Worst Jokes Ever
What is a pedophile's favorite planet?
Uranus.
Why did the gay man get raped?
He assed for it.
Like if you like school (I mean if you don't)!
What do u call a Muslim praying: Allahu akbar.
When is a rape victim right?
When she admits she lied.
What do you call a black person having a fit?
A chocolate milkshake.
Rape victims suck, literally.
My wife said if I rape her again, she would leave me. Why didn't anyone tell me it was that easy?
I'm offended.
- Liberals
Say what you want about Hitler, he wasn’t all that bad. After all, he killed Hitler.
What did the blonde say when I told a rape joke?
"Can you show me what rape is?"
Why did the plane go to KFC?
To lose its wings and crash!
Surprise sex is the best thing to wake up to.
Unless you are in prison.
My sister is so ugly that she had to have a child with me to keep the family tree going.
A Russian wife turned to her husband and asked...
"What's this special military operation our glorious leader keeps talking about?"

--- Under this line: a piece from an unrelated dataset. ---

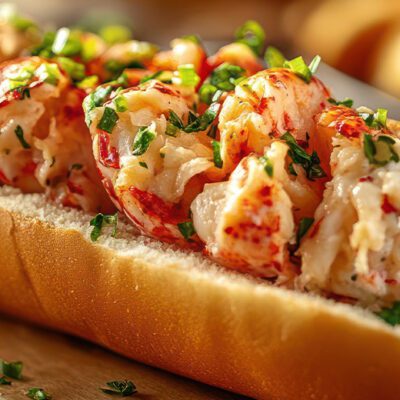 a lobster roll on a plate with butter and a lemon wedge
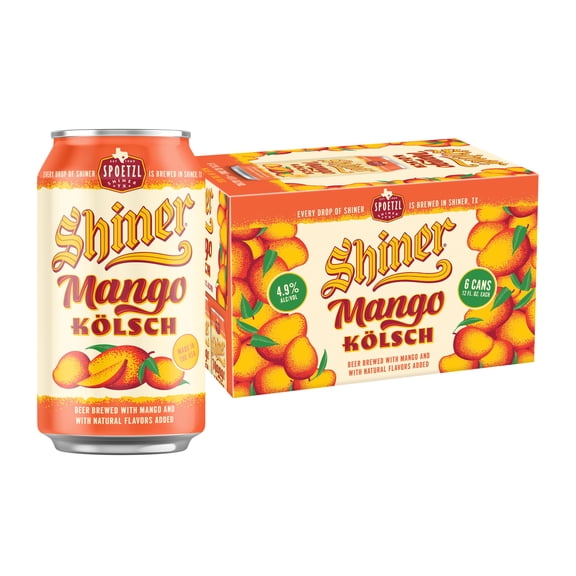 Shiner Mango Kolsch Craft Beer, 6 pack, 12 fl oz Can, 4.9% ABV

Her husband replied, "It's a proxy war between Russia and NATO."
"Oh, right. How's it going?"
"Well," he replied, "so far we've lost 200,000 soldiers, 4,000 tanks, 500 aircraft, numerous helicopters, loads of armoured vehicles and artillery pieces along with our 'flag ship'."
"Wow! What about NATO?"
"They haven't turned up yet."
So one time I was with my girlfriend, crazy, right? But we were doing a TikTok eye follow challenge, and she pulled up a pic of Gwen Stacy from Into the Spider-Verse, and I looked somewhere I shouldn’t have, and she smacked me, and I changed to the Rock, and you know where she looked? WTF, right in the no-no square, and since she was a girl, all I could do was sit back and watch.
Woman: Doctor, doctor, I've been raped.
Doctor: Sex is good for you!
What did the woman say when I told a rape joke?
"I don't get it."
Your mom's so fat, when she entered a fat contest, they said, "Sorry, no professionals!"
Why can't a citizen in communist China, especially a Chinese male who is between 18-29 years old, buy a box of condoms in a drug store in communist China?
Because the condom would be too big for the penis of Chinese men in communist China.